A common and simple implementation will charge the time consumed by the interrupt handlers to the task executing when the interrupt is generated. This is done under the assumption that the effect of interrupt handlers on the execution time clocks is negligible since the interrupt handlers are usually very sort pieces of code. However, in real-time systems that undertake an intensive use of interrupts this assumption may not be realistic. For example, Ada 2005 has introduced timed events that can execute handlers in interrupt context. The facility is convenient and has low overheads, and therefore programmers are tempted to putting more code into these handlers.

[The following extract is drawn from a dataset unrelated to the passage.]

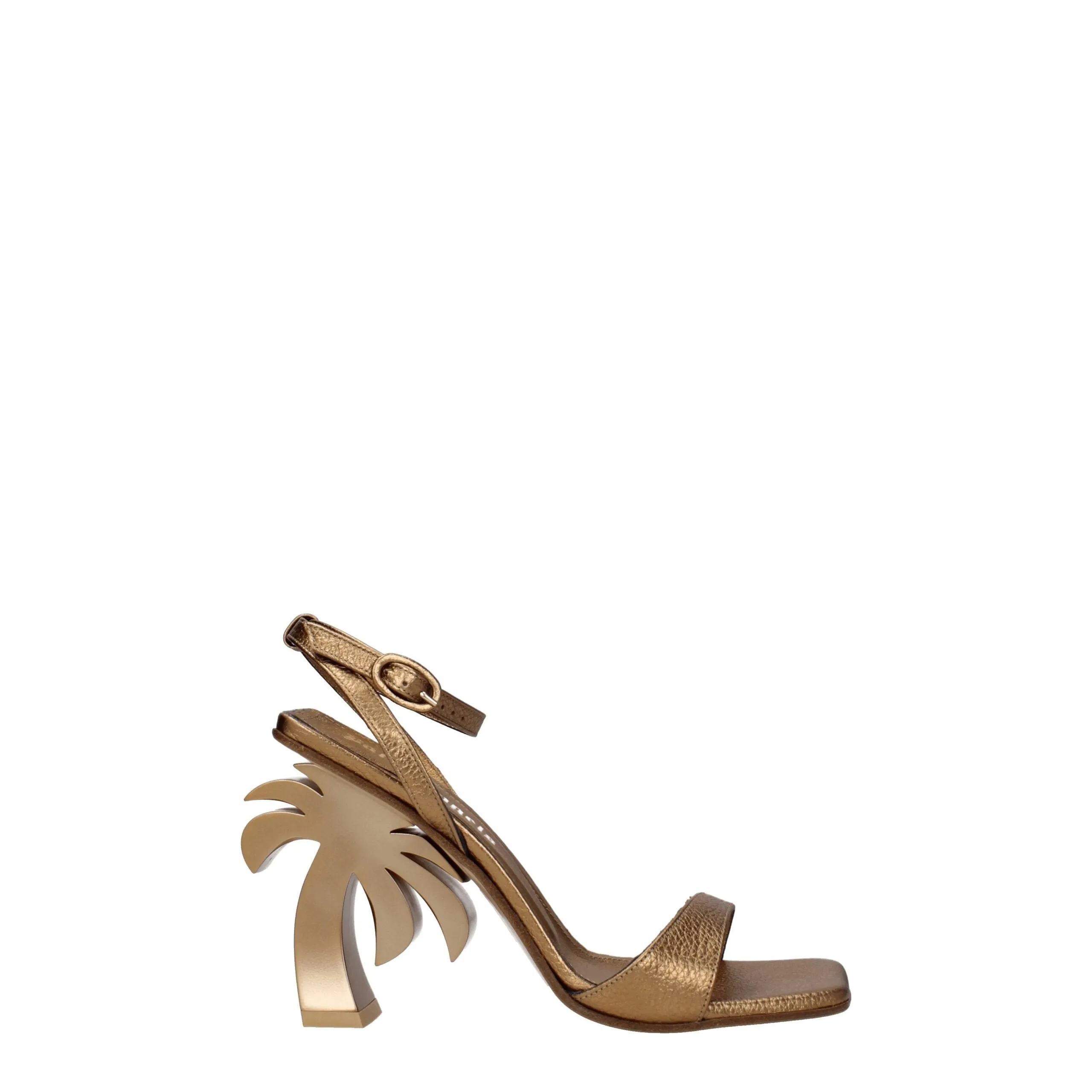 Palm Angels Gold Leather Platform Sandals sold by Siebentaschen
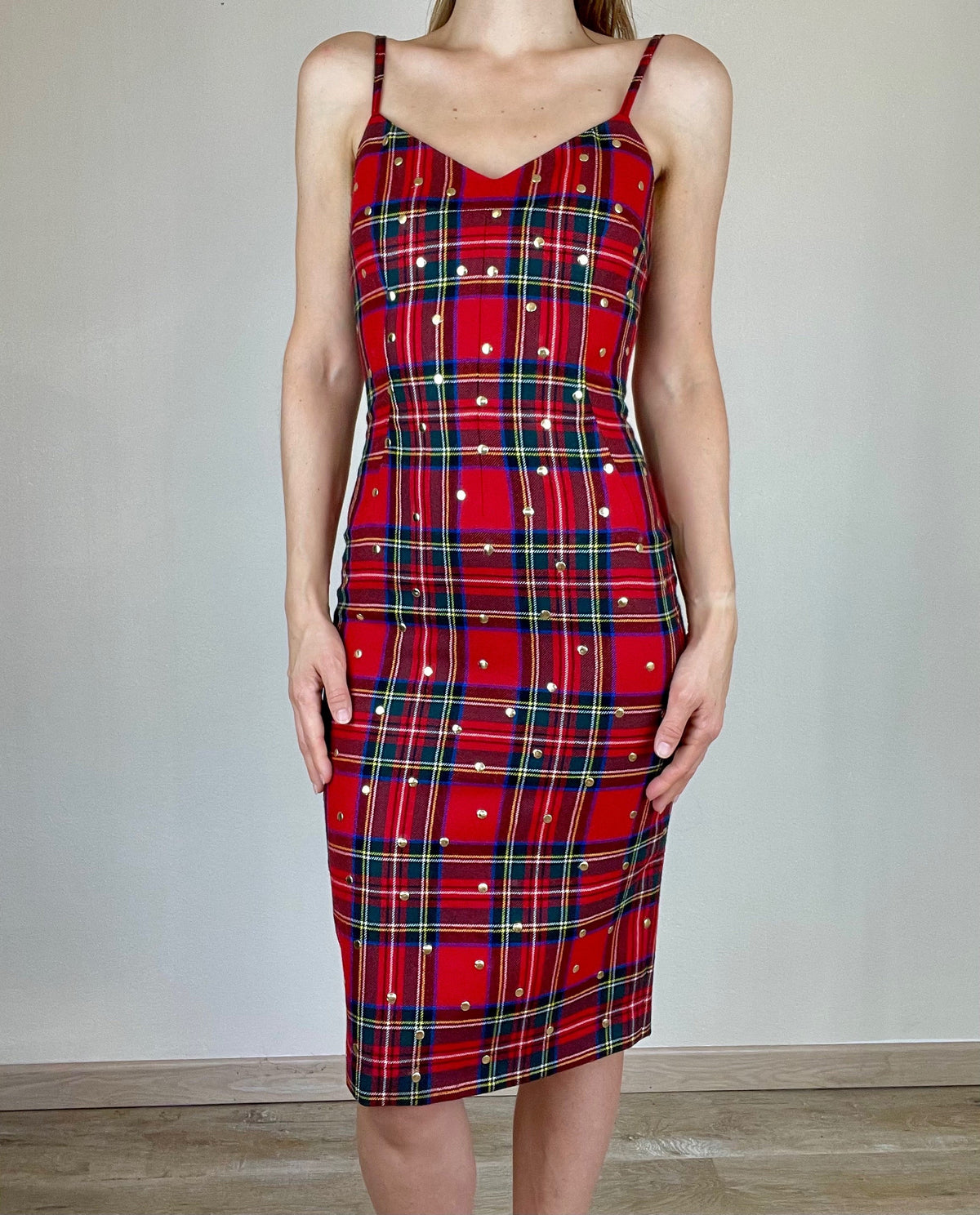 Dolce and Gabbana red plaid studded bodycon dress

As is shown in two papers at the 14th IRTAW it is possible with moderate effort to monitor and manage the execution time of interrupt handlers separately from the execution time of the tasks. With this modification Execution Time Clocks provide a more realistic value of the time a task has executed and, what is more important, execution time overruns detected using Execution Time Timers and Group Execution Time Budgets are more accurate. Therefore the first part of this proposal is to add in the Ada standard implementation advice that will guide implementors on the approach that is considered more adequate to reach the needs of real-time applications.

If execution time of interrupts is monitored separately from that of the tasks, it is easy to make the accounting of these execution times available to the application. This information is useful to real-time analysis and, therefore, the second part of this proposal is to add facilities to allow the application to obtain the execution time of interrupts.

Once execution time accounting is made for interrupts, it is not difficult to also provide facilities to notify about execution time overruns by interrupt service routines. These are useful to detect timing violations inside interrupt code. This is the third part of our proposal.

See wording and discussion.

Add to package Ada.Execution_Time in D.14: [Where? After D.14(9/2)?? Editor.]

Change 11/2 to: The execution time or CPU time of a given task is defined as the time spent by the system executing that task, including the time spent executing run-time or system services on its behalf. The mechanism used to measure execution time is implementation defined. The Boolean constant Interrupt_Clocks_Supported is set to True if the implementation separately accounts for the execution time of interrupt handlers. If it is set to False it is implementation defined which task, if any, is charged the execution time that is consumed by interrupt handlers. The Boolean constant Separate_Interrupt_Clocks_Supported is set to True if the implementation separately accounts for the execution time of individual interrupt handlers. If set to True the package Ada.Execution_Time.Interrrupts must be supported (see D.14.3).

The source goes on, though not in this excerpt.